(Material shown Opens)
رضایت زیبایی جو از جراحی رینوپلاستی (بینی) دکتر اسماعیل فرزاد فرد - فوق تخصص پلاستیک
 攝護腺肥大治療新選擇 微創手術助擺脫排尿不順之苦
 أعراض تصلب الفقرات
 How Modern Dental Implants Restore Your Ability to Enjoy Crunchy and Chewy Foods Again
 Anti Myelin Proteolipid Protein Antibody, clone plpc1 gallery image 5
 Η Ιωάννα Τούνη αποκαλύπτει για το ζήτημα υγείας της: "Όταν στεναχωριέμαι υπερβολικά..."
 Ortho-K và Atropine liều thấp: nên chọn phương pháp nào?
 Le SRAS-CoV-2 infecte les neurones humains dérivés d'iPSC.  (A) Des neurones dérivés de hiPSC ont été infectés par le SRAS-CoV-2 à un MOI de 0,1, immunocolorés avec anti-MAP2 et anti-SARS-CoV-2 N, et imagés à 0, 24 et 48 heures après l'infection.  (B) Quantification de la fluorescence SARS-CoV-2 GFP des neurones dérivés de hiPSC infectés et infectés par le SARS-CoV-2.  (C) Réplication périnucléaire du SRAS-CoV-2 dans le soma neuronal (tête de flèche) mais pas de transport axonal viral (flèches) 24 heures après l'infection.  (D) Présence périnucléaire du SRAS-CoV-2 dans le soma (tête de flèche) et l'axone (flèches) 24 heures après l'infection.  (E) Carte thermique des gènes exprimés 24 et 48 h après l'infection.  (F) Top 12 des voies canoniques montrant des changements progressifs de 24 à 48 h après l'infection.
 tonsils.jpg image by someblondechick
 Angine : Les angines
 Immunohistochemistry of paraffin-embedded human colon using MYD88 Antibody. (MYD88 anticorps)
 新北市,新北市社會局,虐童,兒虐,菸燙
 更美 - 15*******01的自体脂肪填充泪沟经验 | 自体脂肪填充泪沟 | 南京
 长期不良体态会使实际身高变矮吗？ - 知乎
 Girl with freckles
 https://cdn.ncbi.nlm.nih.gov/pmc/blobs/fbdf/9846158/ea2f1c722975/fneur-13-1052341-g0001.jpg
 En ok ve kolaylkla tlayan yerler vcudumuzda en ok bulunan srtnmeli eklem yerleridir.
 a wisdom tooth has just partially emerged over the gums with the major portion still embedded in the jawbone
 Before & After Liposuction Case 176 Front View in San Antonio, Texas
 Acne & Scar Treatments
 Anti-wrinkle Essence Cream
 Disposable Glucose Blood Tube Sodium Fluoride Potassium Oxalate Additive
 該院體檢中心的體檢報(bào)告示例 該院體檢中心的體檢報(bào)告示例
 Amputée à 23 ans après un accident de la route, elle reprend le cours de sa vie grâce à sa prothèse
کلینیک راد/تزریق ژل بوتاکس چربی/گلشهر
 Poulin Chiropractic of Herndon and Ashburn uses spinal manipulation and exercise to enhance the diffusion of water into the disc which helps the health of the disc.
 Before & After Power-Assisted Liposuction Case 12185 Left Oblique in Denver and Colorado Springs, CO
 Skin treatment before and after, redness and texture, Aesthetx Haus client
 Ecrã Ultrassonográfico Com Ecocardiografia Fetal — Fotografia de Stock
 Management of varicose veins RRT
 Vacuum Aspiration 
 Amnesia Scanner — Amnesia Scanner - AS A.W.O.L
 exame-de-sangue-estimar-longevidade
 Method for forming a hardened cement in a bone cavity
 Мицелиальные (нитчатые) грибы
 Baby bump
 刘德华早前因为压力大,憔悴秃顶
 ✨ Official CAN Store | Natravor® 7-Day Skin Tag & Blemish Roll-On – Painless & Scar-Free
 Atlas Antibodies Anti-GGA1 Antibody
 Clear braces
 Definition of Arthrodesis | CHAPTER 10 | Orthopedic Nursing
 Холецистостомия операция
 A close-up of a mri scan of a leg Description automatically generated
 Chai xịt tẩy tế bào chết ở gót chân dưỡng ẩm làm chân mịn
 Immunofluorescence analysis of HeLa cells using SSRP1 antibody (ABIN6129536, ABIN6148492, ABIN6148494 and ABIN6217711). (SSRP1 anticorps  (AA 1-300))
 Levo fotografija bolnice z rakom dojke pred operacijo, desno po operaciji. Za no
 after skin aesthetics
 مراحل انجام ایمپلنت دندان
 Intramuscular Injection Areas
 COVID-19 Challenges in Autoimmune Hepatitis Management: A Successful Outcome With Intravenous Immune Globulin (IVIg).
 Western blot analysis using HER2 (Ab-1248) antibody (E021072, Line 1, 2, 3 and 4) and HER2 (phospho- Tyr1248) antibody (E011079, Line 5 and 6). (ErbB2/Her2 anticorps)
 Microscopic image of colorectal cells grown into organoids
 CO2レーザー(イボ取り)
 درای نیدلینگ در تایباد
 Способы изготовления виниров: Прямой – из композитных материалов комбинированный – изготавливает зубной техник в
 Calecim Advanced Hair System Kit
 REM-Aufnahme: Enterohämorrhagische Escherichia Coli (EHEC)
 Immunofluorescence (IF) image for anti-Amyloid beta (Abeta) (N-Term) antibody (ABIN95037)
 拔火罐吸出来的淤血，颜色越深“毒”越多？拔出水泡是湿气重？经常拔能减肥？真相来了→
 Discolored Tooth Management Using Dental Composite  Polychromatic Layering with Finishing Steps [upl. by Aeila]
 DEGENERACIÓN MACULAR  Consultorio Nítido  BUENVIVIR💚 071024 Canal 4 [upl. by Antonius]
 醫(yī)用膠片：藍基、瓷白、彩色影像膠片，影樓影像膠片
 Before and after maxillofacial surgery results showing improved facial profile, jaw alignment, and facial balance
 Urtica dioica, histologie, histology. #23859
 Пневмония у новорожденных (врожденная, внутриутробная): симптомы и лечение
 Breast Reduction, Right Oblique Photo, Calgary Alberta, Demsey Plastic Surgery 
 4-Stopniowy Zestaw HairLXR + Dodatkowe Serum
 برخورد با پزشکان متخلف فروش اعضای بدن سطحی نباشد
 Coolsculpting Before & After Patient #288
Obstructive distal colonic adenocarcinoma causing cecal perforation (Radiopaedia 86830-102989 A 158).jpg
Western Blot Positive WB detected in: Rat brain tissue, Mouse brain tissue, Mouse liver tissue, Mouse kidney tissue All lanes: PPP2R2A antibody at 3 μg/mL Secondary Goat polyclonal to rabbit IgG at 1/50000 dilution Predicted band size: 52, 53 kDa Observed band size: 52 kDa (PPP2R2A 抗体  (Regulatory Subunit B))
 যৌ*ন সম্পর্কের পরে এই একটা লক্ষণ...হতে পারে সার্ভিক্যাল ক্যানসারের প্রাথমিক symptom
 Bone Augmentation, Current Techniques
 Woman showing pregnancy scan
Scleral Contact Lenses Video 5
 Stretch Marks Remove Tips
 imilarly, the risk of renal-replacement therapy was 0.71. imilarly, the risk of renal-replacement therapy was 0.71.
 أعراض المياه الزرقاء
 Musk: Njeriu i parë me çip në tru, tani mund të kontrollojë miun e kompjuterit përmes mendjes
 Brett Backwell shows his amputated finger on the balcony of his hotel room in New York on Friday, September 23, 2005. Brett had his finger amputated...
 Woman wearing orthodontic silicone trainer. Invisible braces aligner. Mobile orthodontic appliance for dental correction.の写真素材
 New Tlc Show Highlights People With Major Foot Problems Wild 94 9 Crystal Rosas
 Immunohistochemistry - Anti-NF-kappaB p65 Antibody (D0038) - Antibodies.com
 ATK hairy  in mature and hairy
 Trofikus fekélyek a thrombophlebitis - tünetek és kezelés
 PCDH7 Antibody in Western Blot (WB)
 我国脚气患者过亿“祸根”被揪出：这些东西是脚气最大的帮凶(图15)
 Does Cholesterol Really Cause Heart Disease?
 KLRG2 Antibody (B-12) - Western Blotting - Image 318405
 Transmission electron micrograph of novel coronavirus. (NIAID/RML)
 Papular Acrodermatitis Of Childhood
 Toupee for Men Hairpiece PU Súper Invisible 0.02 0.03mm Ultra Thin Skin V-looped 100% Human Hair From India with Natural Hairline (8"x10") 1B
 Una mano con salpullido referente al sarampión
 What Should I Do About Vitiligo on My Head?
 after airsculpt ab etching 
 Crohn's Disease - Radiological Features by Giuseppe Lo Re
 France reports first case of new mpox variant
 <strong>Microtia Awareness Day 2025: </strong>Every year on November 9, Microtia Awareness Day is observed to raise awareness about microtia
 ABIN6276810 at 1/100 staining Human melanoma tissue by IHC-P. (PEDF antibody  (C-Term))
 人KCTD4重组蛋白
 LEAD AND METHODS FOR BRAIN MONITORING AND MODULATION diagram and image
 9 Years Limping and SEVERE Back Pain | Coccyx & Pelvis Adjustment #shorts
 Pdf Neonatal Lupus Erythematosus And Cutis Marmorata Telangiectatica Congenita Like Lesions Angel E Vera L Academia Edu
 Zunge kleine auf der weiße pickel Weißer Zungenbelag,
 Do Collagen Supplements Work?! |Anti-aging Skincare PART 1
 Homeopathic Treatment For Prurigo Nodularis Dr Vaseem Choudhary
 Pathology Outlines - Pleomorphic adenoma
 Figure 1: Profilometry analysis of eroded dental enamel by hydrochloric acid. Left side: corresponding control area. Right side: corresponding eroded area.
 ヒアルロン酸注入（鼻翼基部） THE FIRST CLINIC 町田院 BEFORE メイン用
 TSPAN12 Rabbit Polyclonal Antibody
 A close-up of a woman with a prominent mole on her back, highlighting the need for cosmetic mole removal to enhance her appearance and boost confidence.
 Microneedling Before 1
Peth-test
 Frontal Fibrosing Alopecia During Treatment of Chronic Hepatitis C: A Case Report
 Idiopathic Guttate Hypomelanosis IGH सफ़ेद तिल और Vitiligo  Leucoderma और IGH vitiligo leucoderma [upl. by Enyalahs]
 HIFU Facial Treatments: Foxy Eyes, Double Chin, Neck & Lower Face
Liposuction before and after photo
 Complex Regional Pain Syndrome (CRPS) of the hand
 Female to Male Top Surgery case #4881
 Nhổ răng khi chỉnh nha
(Material shown Closes)
▶ _Your goal_: From the entries above, write out only the lines starting at the line that holds "Chai xịt tẩy" and ending at the line that holds "Coolsculpting Before & After Patient #288", keeping both and matching them exactly.

▶ _Response_:
 Chai xịt tẩy tế bào chết ở gót chân dưỡng ẩm làm chân mịn
 Immunofluorescence analysis of HeLa cells using SSRP1 antibody (ABIN6129536, ABIN6148492, ABIN6148494 and ABIN6217711). (SSRP1 anticorps  (AA 1-300))
 Levo fotografija bolnice z rakom dojke pred operacijo, desno po operaciji. Za no
 after skin aesthetics
 مراحل انجام ایمپلنت دندان
 Intramuscular Injection Areas
 COVID-19 Challenges in Autoimmune Hepatitis Management: A Successful Outcome With Intravenous Immune Globulin (IVIg).
 Western blot analysis using HER2 (Ab-1248) antibody (E021072, Line 1, 2, 3 and 4) and HER2 (phospho- Tyr1248) antibody (E011079, Line 5 and 6). (ErbB2/Her2 anticorps)
 Microscopic image of colorectal cells grown into organoids
 CO2レーザー(イボ取り)
 درای نیدلینگ در تایباد
 Способы изготовления виниров: Прямой – из композитных материалов комбинированный – изготавливает зубной техник в
 Calecim Advanced Hair System Kit
 REM-Aufnahme: Enterohämorrhagische Escherichia Coli (EHEC)
 Immunofluorescence (IF) image for anti-Amyloid beta (Abeta) (N-Term) antibody (ABIN95037)
 拔火罐吸出来的淤血，颜色越深“毒”越多？拔出水泡是湿气重？经常拔能减肥？真相来了→
 Discolored Tooth Management Using Dental Composite  Polychromatic Layering with Finishing Steps [upl. by Aeila]
 DEGENERACIÓN MACULAR  Consultorio Nítido  BUENVIVIR💚 071024 Canal 4 [upl. by Antonius]
 醫(yī)用膠片：藍基、瓷白、彩色影像膠片，影樓影像膠片
 Before and after maxillofacial surgery results showing improved facial profile, jaw alignment, and facial balance
 Urtica dioica, histologie, histology. #23859
 Пневмония у новорожденных (врожденная, внутриутробная): симптомы и лечение
 Breast Reduction, Right Oblique Photo, Calgary Alberta, Demsey Plastic Surgery 
 4-Stopniowy Zestaw HairLXR + Dodatkowe Serum
 برخورد با پزشکان متخلف فروش اعضای بدن سطحی نباشد
 Coolsculpting Before & After Patient #288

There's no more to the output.